### Given information
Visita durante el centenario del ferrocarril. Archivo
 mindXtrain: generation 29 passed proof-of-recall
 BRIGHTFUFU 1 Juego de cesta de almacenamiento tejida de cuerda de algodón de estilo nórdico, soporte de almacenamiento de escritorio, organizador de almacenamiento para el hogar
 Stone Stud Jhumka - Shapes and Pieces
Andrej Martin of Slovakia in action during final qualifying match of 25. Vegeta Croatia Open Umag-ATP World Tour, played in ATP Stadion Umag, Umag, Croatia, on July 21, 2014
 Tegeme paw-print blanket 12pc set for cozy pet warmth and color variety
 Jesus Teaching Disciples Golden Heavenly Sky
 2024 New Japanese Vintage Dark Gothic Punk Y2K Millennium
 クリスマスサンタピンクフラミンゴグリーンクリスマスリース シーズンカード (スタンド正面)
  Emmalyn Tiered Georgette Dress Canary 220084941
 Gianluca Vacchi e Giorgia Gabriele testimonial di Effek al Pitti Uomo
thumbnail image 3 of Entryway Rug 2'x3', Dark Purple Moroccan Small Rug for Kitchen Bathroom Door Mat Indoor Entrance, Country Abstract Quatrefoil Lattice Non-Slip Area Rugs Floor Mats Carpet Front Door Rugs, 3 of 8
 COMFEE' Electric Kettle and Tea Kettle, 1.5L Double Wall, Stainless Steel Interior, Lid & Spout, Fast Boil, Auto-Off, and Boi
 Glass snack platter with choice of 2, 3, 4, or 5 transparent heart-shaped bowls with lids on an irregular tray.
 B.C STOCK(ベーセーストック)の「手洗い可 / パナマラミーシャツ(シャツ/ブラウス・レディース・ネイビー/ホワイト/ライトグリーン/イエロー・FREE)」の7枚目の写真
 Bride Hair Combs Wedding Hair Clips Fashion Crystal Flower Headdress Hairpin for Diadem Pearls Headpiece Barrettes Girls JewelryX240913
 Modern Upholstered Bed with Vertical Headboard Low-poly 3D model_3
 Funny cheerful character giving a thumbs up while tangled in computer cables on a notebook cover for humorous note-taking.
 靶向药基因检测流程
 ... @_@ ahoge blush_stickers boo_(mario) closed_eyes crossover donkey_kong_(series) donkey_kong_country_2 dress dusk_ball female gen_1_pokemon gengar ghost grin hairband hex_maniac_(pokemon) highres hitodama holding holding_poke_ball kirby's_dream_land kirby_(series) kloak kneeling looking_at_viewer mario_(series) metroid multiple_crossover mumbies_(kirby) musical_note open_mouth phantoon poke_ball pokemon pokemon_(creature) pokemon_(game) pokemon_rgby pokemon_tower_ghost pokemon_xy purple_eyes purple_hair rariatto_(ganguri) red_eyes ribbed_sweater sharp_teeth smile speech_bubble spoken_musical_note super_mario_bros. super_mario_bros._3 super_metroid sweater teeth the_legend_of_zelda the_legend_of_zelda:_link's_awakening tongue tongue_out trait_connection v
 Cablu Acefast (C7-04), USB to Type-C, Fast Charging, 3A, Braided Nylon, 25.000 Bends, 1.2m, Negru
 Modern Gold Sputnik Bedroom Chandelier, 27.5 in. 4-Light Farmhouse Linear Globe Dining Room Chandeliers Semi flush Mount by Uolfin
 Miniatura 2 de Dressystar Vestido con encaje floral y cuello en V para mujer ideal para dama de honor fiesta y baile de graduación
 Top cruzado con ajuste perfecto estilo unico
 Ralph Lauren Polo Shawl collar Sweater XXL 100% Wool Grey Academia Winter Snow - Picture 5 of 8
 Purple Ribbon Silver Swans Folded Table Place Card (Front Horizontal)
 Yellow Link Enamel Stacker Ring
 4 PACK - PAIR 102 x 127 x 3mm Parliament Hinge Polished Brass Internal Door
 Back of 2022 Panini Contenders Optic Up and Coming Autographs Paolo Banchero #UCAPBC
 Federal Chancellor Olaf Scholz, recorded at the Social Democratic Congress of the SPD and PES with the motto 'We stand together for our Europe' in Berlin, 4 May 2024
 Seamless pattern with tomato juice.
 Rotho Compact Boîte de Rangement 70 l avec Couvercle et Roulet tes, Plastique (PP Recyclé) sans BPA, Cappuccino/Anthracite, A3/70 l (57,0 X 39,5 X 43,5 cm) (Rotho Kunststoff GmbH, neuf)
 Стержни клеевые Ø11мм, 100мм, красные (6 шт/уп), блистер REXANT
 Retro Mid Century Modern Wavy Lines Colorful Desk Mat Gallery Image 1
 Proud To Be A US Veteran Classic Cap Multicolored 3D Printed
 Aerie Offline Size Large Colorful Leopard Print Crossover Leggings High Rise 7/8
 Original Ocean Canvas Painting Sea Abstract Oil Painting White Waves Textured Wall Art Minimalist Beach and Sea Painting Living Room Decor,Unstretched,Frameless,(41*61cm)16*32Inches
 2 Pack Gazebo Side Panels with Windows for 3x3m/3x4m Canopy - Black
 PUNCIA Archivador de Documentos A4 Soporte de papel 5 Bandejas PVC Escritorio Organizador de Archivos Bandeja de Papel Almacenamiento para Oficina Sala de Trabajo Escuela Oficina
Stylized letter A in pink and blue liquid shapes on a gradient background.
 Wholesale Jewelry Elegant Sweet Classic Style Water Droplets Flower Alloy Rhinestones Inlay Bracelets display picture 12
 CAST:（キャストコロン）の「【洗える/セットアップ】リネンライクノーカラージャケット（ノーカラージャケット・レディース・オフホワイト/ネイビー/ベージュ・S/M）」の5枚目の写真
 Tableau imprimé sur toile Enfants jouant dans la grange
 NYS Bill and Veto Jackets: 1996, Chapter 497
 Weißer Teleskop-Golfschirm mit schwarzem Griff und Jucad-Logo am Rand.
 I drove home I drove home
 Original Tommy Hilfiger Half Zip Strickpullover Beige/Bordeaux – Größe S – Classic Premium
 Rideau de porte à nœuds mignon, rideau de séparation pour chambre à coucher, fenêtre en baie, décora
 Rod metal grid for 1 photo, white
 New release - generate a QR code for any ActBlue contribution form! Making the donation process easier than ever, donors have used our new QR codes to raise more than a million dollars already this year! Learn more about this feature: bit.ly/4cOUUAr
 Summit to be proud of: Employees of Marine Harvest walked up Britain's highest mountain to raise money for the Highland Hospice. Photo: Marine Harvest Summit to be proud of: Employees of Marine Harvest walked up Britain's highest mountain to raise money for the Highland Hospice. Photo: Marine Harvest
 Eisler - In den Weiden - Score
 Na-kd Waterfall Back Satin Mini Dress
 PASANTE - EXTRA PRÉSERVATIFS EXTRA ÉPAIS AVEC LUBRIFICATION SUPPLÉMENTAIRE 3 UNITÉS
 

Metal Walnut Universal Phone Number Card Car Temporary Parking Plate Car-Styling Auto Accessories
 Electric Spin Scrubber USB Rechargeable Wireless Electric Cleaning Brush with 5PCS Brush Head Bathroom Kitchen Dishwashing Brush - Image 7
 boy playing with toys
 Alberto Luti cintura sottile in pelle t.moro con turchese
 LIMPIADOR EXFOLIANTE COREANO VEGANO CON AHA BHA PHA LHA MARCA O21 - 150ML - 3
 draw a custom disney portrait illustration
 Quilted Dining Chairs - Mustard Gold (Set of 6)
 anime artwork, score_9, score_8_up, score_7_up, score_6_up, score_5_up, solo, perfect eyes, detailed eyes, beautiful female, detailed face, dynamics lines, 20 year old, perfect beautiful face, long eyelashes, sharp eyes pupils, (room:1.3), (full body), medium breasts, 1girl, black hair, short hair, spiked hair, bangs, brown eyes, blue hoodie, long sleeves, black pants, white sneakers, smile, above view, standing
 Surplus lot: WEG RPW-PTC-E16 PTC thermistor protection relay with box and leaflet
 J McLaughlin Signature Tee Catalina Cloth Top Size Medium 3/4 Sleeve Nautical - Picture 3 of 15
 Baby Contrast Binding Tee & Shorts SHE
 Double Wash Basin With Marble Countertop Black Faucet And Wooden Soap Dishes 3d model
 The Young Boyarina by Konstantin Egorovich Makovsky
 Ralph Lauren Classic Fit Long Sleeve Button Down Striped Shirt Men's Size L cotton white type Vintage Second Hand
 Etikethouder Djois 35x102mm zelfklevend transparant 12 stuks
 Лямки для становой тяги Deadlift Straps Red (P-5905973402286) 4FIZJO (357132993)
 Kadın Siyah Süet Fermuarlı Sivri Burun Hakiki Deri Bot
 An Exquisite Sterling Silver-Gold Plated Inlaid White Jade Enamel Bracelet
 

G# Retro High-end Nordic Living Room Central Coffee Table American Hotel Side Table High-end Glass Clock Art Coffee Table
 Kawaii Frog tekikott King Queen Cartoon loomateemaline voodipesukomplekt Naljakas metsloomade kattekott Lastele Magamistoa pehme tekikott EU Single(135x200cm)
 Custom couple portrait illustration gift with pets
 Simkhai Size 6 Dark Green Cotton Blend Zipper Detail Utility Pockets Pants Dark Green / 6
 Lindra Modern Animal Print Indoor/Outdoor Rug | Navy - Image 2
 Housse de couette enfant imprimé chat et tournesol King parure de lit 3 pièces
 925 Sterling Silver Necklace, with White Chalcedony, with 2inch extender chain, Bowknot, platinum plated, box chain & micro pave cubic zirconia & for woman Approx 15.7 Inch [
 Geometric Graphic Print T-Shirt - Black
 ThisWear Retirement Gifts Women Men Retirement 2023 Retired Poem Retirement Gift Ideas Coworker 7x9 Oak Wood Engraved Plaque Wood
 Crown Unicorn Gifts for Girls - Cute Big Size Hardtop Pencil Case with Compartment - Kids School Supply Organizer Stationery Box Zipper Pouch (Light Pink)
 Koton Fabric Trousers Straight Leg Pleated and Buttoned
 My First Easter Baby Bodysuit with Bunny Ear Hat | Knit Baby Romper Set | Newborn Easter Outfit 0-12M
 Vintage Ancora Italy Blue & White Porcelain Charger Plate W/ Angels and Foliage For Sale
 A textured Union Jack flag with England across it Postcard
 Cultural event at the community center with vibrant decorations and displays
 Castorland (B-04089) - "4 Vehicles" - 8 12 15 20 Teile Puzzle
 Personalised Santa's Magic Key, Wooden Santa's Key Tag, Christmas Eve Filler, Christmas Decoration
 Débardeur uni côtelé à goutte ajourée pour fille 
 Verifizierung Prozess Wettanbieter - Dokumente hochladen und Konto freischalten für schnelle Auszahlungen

### Required work
Using the listing above, copy exactly the line that contains "An Exquisite Sterling", the line that contains "Housse de couette", and each line that falls between them.

### Exercise answer
 An Exquisite Sterling Silver-Gold Plated Inlaid White Jade Enamel Bracelet
 

G# Retro High-end Nordic Living Room Central Coffee Table American Hotel Side Table High-end Glass Clock Art Coffee Table
 Kawaii Frog tekikott King Queen Cartoon loomateemaline voodipesukomplekt Naljakas metsloomade kattekott Lastele Magamistoa pehme tekikott EU Single(135x200cm)
 Custom couple portrait illustration gift with pets
 Simkhai Size 6 Dark Green Cotton Blend Zipper Detail Utility Pockets Pants Dark Green / 6
 Lindra Modern Animal Print Indoor/Outdoor Rug | Navy - Image 2
 Housse de couette enfant imprimé chat et tournesol King parure de lit 3 pièces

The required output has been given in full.